When he parted from Robin it was nearly sunset. He did not mean to stop to-day at White Farm, but he turned Black Alan in that direction. He would ride by the house and the shining stream with the stepping-stones. Coming beneath the bank thick with willow and aspen, he checked the horse and sat looking at the long, low house. It held there in a sunset stillness, a sunset glory, a dream of dawn. He dismounted, left the horse, and climbed to the strip of green before the place. None seemed about, all seemed within. Here was the fir-tree with the bench around—so old a tree, watching life so long!... Now he saw that Jarvis Barrow sat here. But the old man was asleep. He sat with closed eyes, and his Bible was under his hand. Beside him, tall and fair, wide-browed, gray-eyed, stood Gilian. Her head was turned toward the fringed bank; when she saw Alexander she put herfinger against her lips. He made a gesture of understanding and went no nearer. For a moment he stood regarding all, then drew back into shadow of willow and aspen, descended the bank, and, mounting Black Alan, rode home through the purple light.
The countryside, the village—the Jardine Arms—Mrs. Macmurdo in her shop to all who entered—talked of the laird's homecoming. "He's a strange sort!"
"Some do say he's been to America and found a gold-mine."
"Na! He's just been journeying around in himself."
"I am na spekalative. He's contentit, and sae am I. It's a mair natural warld than ye think."
"Three year syne when he went away, he lookit like ane o' thae figures o' tragedy—"
"Aweel, then, he's swallowed himself and digested it."
"I ca' it fair miracle! The Lord touched him in the night."
"Do ye haud that he'll gang to kirk the morn?"
"I dinna precisely ken. He micht, and he micht not."
He went, entering with Mrs. Grizel, Alice, and Strickland, sitting in the House pew. How many kirks he thought of, sitting there—what cathedrals, chapels; what rude, earnest places; what temples, mosques, caves, ancient groves; what fanes; what worshiped gods! One, one! Temple and image,worshiped and worshiper. Self helping self. "O my Self, daily and deeply help myself!"
The little white stone building—the earnest, strenuous, narrow man in the pulpit, the Scots congregation—old, old, familiar, with an inner odor not unpungent, not unliked! Life Everlasting—Everlasting Life....
"That ye may have life and have it more abundantly."
White Farm sat in the White Farm place. Jarvis Barrow was there. But he did not sit erect as of yore; he leaned upon his staff. Jenny was missed. Lame now, she stayed at home and watched the passing, and talked to herself or talked to others. Gilian sat beside the old man. Behind were Menie and Merran, Thomas and Willy. Glenfernie's eyes dwelt quietly upon Jarvis and his granddaughter. When he willed he could see Elspeth beside Gilian.

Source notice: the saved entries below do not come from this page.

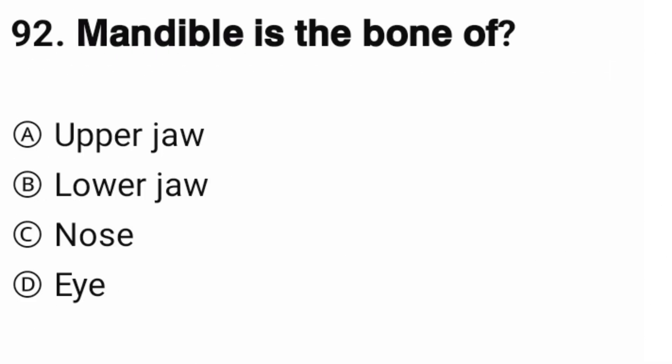Question number 92. When damaged, this is the bone of? The correct option is B, lower jaw.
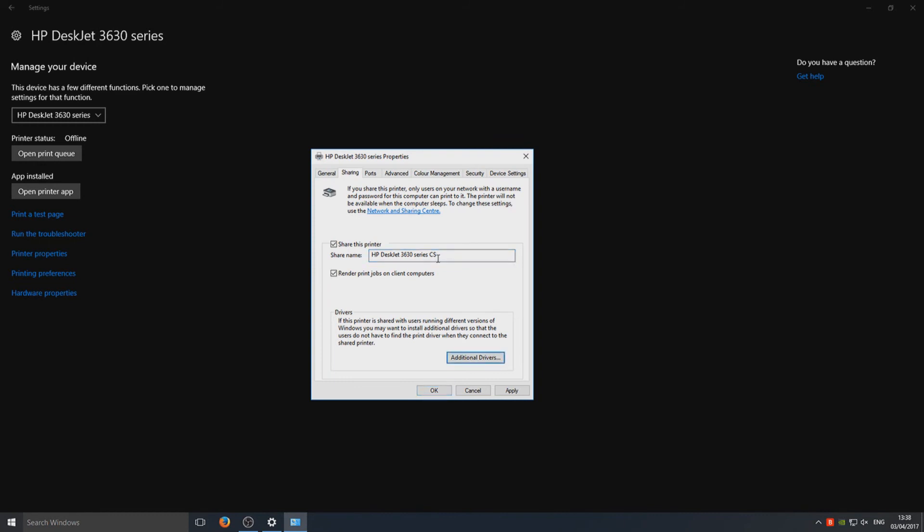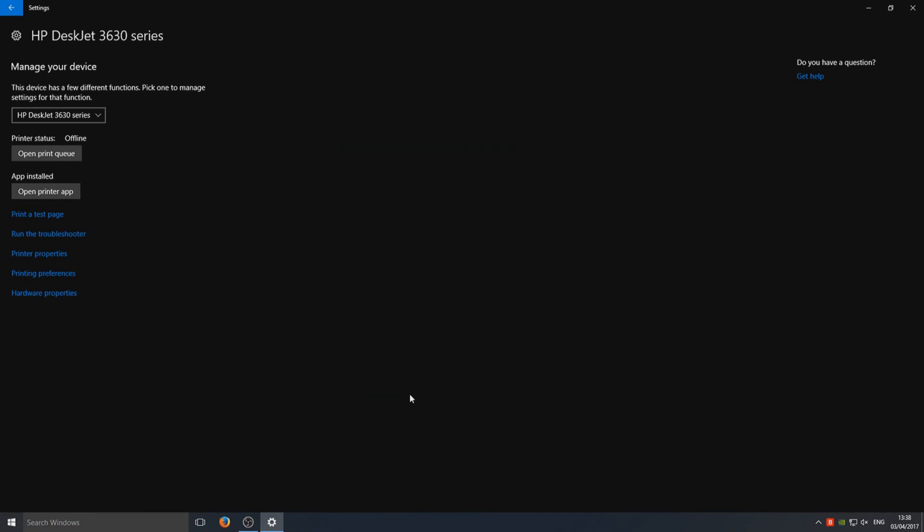Now you need to go onto Apply and select OK, and that is it. It's as simple as that. You should now be able to go onto your other computer and select that printer that you want to print to.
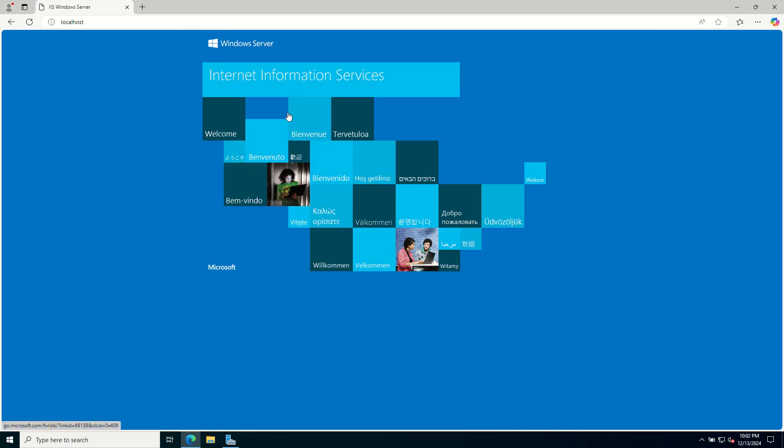If everything was installed correctly, you can see this default IIS welcome page. Now this confirms your web server is up and running.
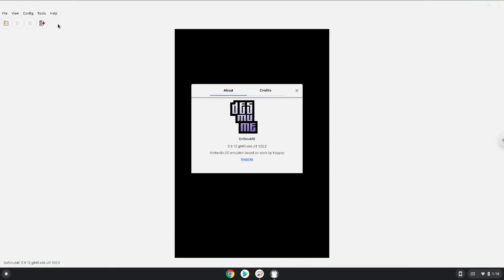Enjoy Desmume. Also, all supported ROMs must be extracted and be in your Linux files in your File Manager.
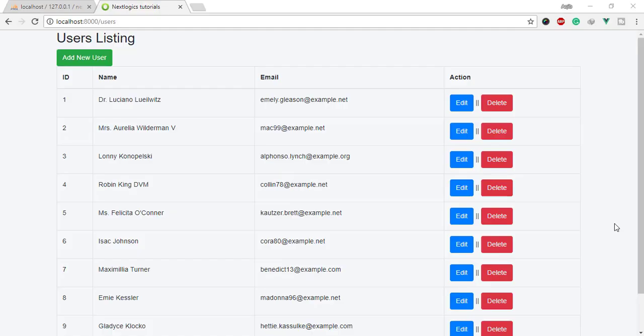Hello guys, welcome to Next Logics tutorials. In this video you will learn Vue.js events, how to store data in the database, and data bindings with Vue.js using components and APIs.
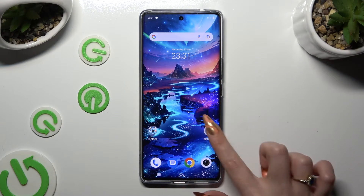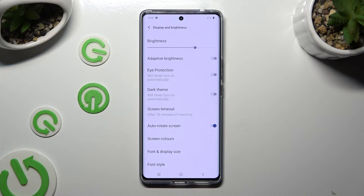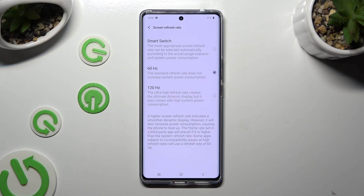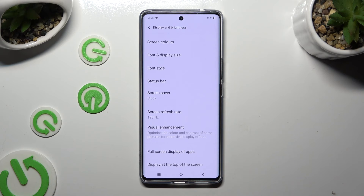Begin by going into device settings and tapping on Display and Brightness. Following that, scroll all the way down and click on Screen Refresh Rate. Lastly, apply the best option for you by clicking on it and when you're done go back. As you can see, the screen refresh rate of my device has changed.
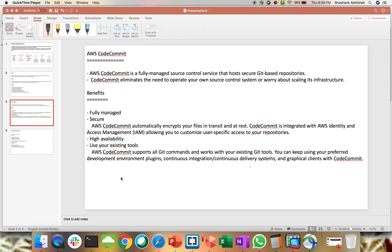AWS CodeCommit is a fully managed source control service that hosts your secure Git-based repositories. You can think of CodeCommit like GitHub, GitLab, or any other source control version present on the market. If you are using everything within AWS, go with CodeCommit — try to create your repo within AWS and create your AWS CodePipeline. I'm not saying not to use GitHub; I'm just giving a glimpse of what CodeCommit can do for your version control.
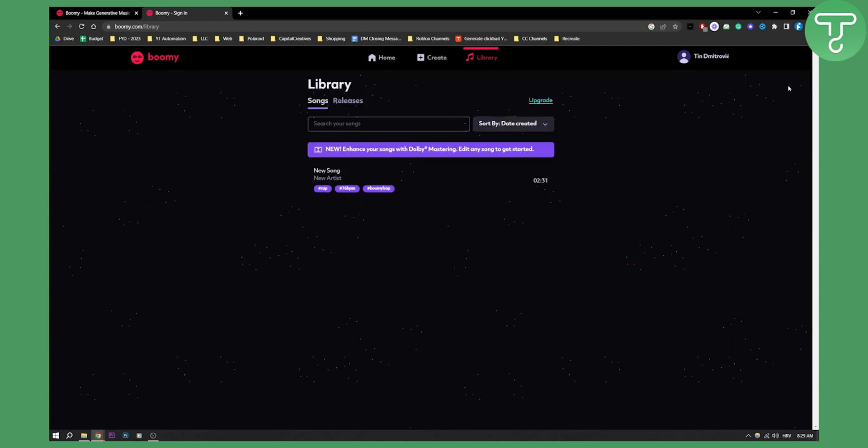That's how you can use Bumi to actually create a song with Bumi, which is great. So this is what you need to know if you want to create songs with AI. I think Bumi is a great tool to do it. But if you have any questions or comments, comment down below and we will see you in the next video.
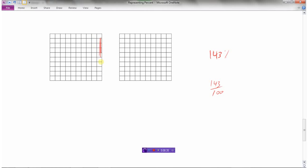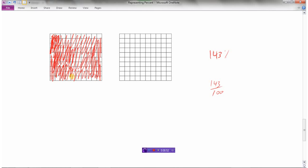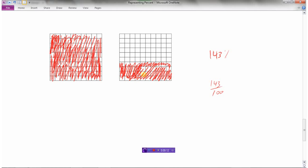So if I were to represent 143 percent using shading, I shade 143 squares. I shade one whole box — that represents 100 percent. Then I need to do 43 more: shade that one, that one, that one, that one for 40, and three more. So this represents 143 percent: one whole box filled in for 100 percent, and then 43 squares of a second grid.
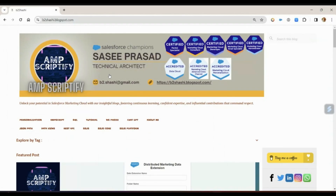Hello everyone, welcome back to my channel. My name is Sassy Prasad and I'm a Salesforce Marketing Cloud Technical Architect. Today in this session we'll be discussing transactional messaging and I'll show you a quick demo on transactional messaging.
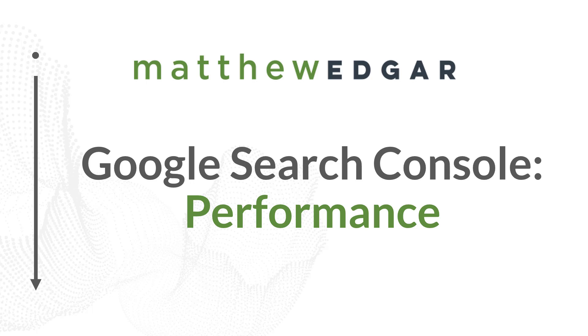You want to know how well your website is performing in search results. One way you can do that is by using Google Search Console's performance reports. Let's talk about the performance reports and the types of metrics you can find there.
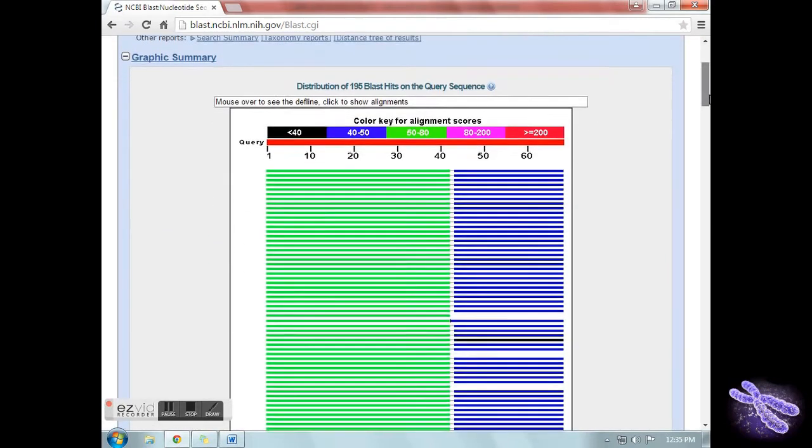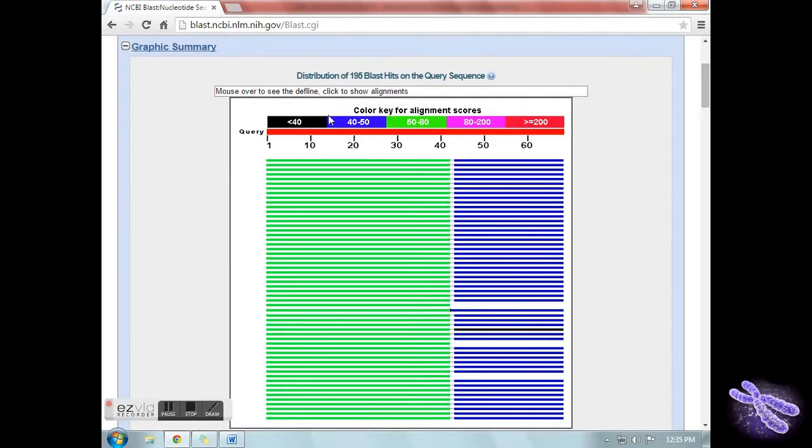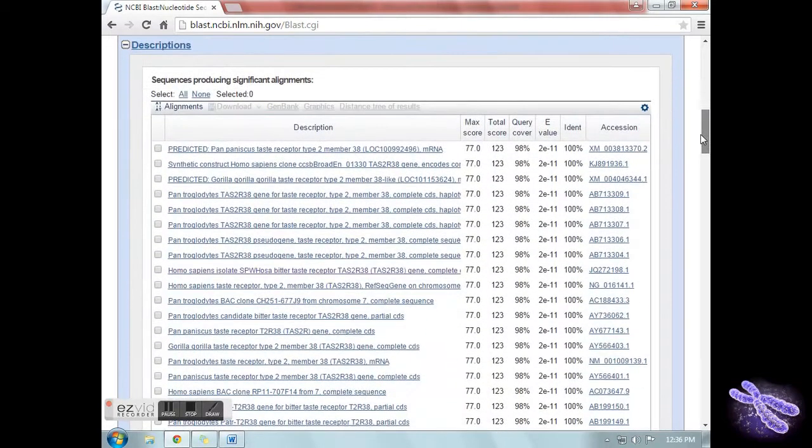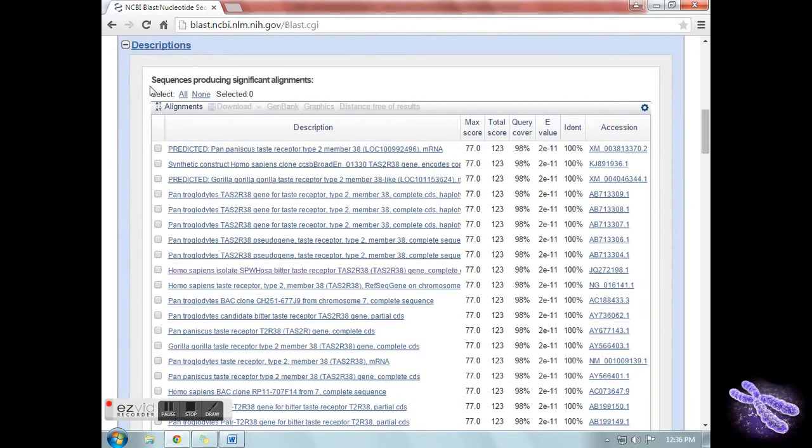The results are displayed in three ways. The first is a graphical overview, showing how other sequences match with your original sequence.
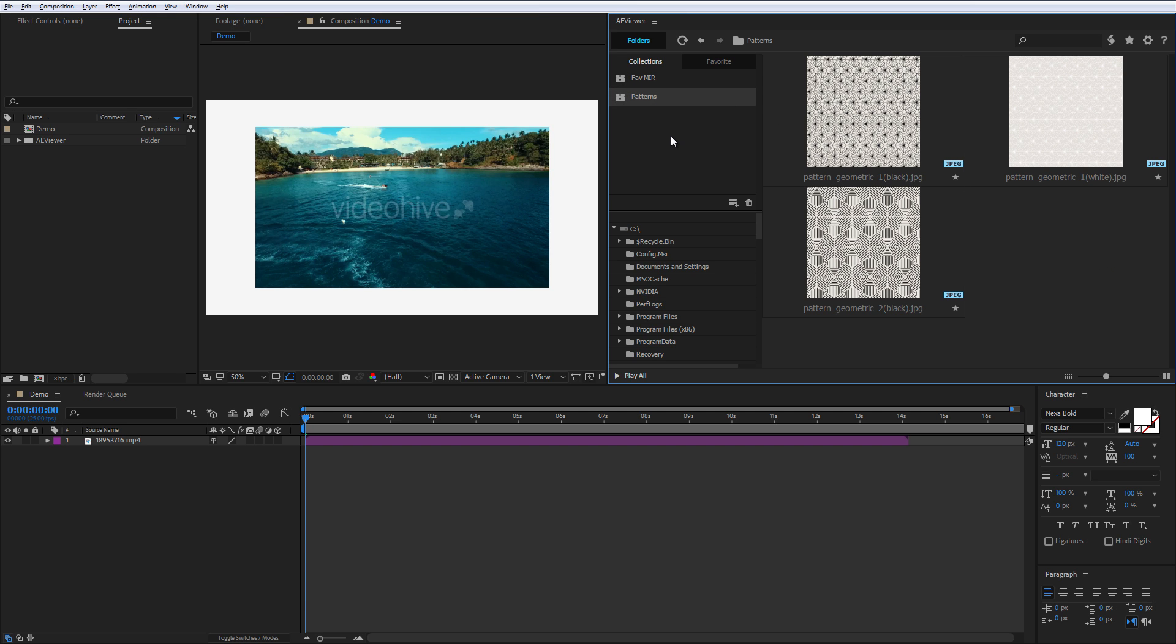And that's it! That was a quick overview of the AViewer and I'll see you in the next tutorials.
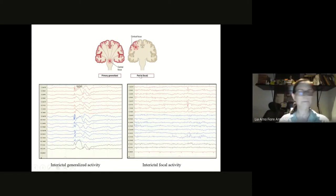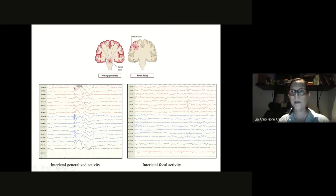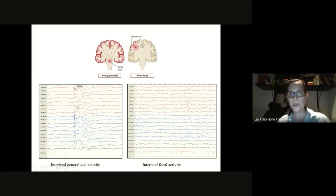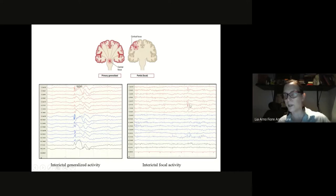Remembering from the first lesson: you have interictal activity, which is between seizures. It can be either generalized — involving the whole cortex — or focal, limited to one part only. In our EEG layout, red was the left side, blue was the right side, with the midline in between. When both sides show epileptiform activity — very pointy with a slow wave after it — this is generalized interictal activity. When only one side shows a spike with a phase reversal, that is focal interictal activity, in this case pointing to the temporal lobe going into the frontal.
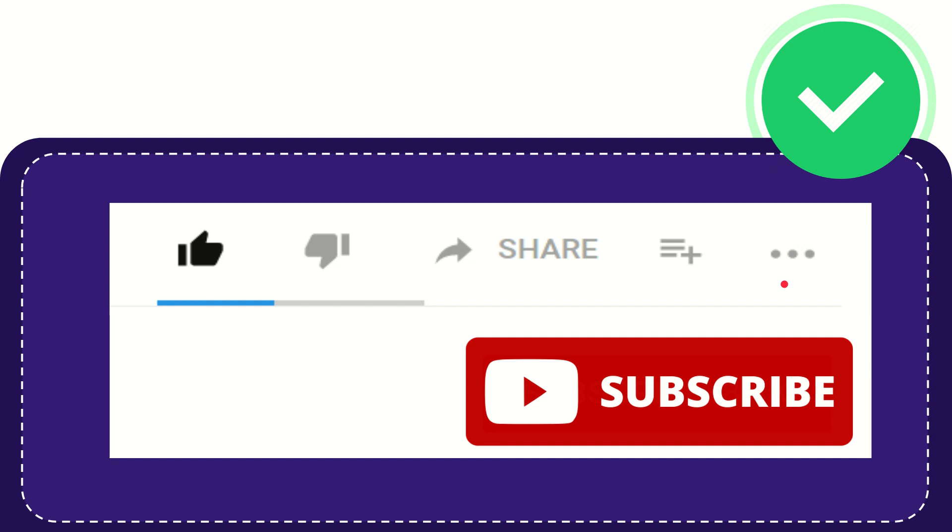And yeah, don't forget to subscribe. I think that's all. Thank you so much for watching this video, and see you again in another video. Bye-bye.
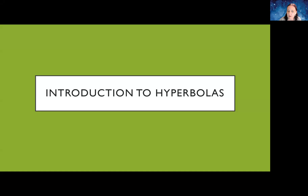This is more conceptual versus actually going through examples. I have a separate video going through examples of solving problems with hyperbolas. What I wanted to do here is talk about how the conic sections are connected and where the hyperbola comes from, so you can understand the bigger picture.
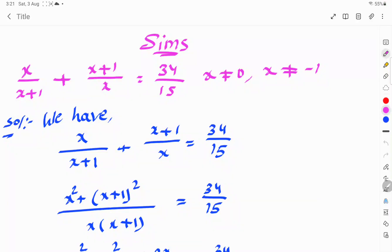Welcome to Sim's. Today's topic: find the roots of x/(x+1) + (x+1)/x = 34/15. Here x is not equal to 0 or minus 1. Let's see the solution.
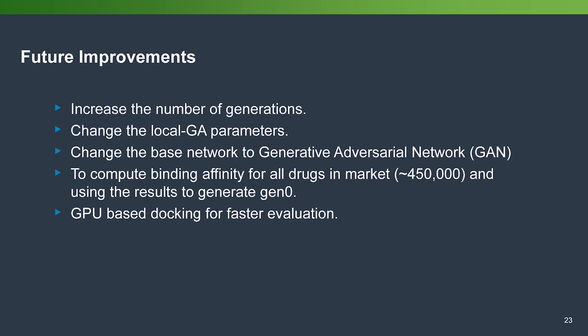Further improvements in the future can also include increased number of generations, change the local GA parameters so that it will be wider, change the base network, which is SMILES LSTM network, to generative adversarial network that we built from our own. We tried to do it, but we don't have enough time to complete it. And as well as, if computationally possible, we want to compute all the binding affinity for all the drugs in the market and use that as generation zero and start training from that. Also, we would like to explore further tools that are GPU-based for even faster evaluation.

The prayers, the sermon, the hymns.... All through the world-body the straining toward the larger thing, the enveloping Person! As he sat there he felt blood-warmth, touch, with every foot that sought hold, with every hand that reached. He saw the backward-falling, and he saw that they did not fall forever, that they caught and held and climbed again. He saw that because he had done that, time and time again done that.
Mr. M'Nab preached a courageous, if harsh, sermon. The old words of commination! They were not empty—but in among them, fine as ether, now ran a gloss.... The sermon ended, the final psalm was sung.